Сначала он слышал звуки равнодушных речей, потом один звук голоса Анны Михайловны, говорившей длинную речь, потом вскрик, потом молчание, потом опять оба голоса вместе говорили с радостными интонациями, и потом шаги, и Анна Михайловна отворила ему дверь. На лице Анны Михайловны было гордое выражение оператора, окончившего трудную ампутацию и вводящего публику для того, чтоб она могла оценить его искусство.
– C'est fait! [Дело сделано!] – сказала она графу, торжественным жестом указывая на графиню, которая держала в одной руке табакерку с портретом, в другой – письмо и прижимала губы то к тому, то к другому.

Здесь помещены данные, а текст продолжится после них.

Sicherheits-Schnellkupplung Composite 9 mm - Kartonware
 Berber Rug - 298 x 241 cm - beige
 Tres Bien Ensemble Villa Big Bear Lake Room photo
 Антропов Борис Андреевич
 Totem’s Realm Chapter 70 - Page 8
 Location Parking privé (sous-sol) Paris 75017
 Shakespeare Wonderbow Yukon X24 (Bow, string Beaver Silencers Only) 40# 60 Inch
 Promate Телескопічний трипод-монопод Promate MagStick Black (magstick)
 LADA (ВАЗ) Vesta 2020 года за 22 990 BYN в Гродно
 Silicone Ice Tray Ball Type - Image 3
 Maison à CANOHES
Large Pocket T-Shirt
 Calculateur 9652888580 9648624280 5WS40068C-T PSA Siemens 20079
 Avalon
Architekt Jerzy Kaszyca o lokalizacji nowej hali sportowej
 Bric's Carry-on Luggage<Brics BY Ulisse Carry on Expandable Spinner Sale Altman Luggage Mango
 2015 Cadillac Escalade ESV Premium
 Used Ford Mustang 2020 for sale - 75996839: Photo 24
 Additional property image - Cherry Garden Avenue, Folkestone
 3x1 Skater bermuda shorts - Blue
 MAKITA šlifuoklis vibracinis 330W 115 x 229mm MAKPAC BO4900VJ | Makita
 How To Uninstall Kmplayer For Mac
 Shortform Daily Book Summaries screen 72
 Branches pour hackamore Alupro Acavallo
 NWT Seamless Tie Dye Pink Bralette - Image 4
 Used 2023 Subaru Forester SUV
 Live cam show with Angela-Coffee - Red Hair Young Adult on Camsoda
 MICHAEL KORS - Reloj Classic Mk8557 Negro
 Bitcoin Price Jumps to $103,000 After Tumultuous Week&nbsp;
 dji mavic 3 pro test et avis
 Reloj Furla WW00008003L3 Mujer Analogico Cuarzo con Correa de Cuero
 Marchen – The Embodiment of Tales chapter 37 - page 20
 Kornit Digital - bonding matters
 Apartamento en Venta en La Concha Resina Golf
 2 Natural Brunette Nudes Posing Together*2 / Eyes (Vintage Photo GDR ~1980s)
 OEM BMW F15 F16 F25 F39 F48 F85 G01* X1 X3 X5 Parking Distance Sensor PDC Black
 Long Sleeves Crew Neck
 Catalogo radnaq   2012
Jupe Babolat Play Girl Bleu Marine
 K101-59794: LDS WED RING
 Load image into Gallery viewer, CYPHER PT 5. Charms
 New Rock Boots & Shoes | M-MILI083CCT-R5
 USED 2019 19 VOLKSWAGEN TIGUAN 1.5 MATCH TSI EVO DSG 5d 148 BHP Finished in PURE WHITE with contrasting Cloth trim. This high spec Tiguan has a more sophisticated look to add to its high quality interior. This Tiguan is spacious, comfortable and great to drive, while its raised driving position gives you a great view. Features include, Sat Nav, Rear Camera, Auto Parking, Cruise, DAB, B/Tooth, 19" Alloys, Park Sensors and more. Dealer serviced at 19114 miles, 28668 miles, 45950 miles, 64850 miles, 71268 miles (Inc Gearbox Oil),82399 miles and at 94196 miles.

Увидав графа, она протянула к нему руки, обняла его лысую голову и через лысую голову опять посмотрела на письмо и портрет и опять для того, чтобы прижать их к губам, слегка оттолкнула лысую голову. Вера, Наташа, Соня и Петя вошли в комнату, и началось чтение. В письме был кратко описан поход и два сражения, в которых участвовал Николушка, производство в офицеры и сказано, что он целует руки maman и papa, прося их благословения, и целует Веру, Наташу, Петю. Кроме того он кланяется m r Шелингу, и m mе Шос и няне, и, кроме того, просит поцеловать дорогую Соню, которую он всё так же любит и о которой всё так же вспоминает. Услыхав это, Соня покраснела так, что слезы выступили ей на глаза. И, не в силах выдержать обратившиеся на нее взгляды, она побежала в залу, разбежалась, закружилась и, раздув баллоном платье свое, раскрасневшаяся и улыбающаяся, села на пол. Графиня плакала.
– О чем же вы плачете, maman? – сказала Вера. – По всему, что он пишет, надо радоваться, а не плакать.